In accordance with the legislative scheme heretofore referred to and declared in numerous decisions above cited, all actions and proceedings coming within the jurisdiction of the county court and in which the county court can afford adequate relief should be there tried. The county court has before it in the action in question all of the parties and has full jurisdiction of the subject matter. The orderly procedure in the matter of administration of estates of deceased persons therefore requires that matters like those involved in the instant case should be adjudicated in that court and not in the circuit court, and a party interested therefore cannot be compelled to litigate in the circuit court in a matter where full relief can be granted in the county court. The importance of resorting to the county court in matters coming properly before it has been prominently impressed upon the profession by numerous decisions of this court, and unless, therefore, these decisions may be ignored and the legislative scheme frustrated, this matter should be confined to the proper jurisdiction.

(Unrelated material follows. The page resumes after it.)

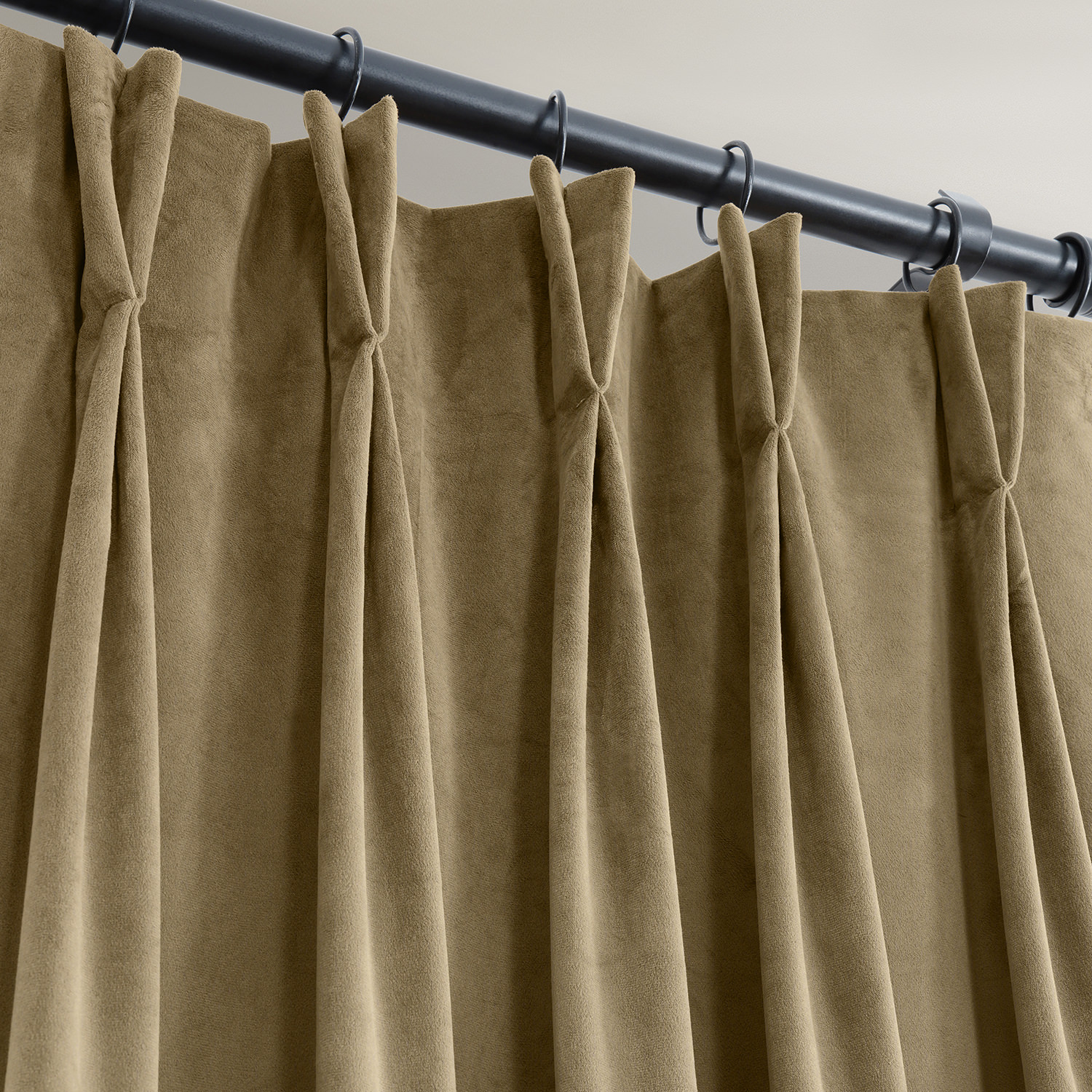 Signature Amber Gold Pleated Blackout Velvet Curtain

In order to prevent further proceedings in the circuit court the petitioner has applied for a writ of prohibition. Such writ has been defined as “A writ issuing out of the superior courts directed to the judge and parties of an , inferior court, commanding them to cease from the prosecution of a suit, upon a suggestion that either the cause originally or some collateral matter therein does not belong to that jurisdiction but to the cognizance of some other court.” Camron v. Kenfield, 57 Cal. 550; Washburn v. Phillips, 2 Metc. (43 Mass.) 296, 298.

Unless this writ is issued the petitioner will be obliged *557either to permit the matter in the circuit court to go by default and then appeal to this court, or to participate in the trial of the matter in a court which clearly ought not to assume jurisdiction of the matter. In either event petitioner will be put to great hardship, expense, and trouble. Such was the ruling of this court in a recent case (Petition of Inland Steel Co. 174 Wis. 140, 182 N. W. 917), where this court directed the issuance of the writ. The issuance of this writ will result in the prohibition on the part of the circuit judge and of the respondent, the widow, from proceeding with the trial in the circuit court, and will effect a return of the record to the county court, where the matter can and should, as a matter of right, be tried.z

We therefore hold that the issuance of the writ of prohibition in the instant case is a proper remedy.

By the Court. — Let a writ of prohibition issue as prayed for in the petition.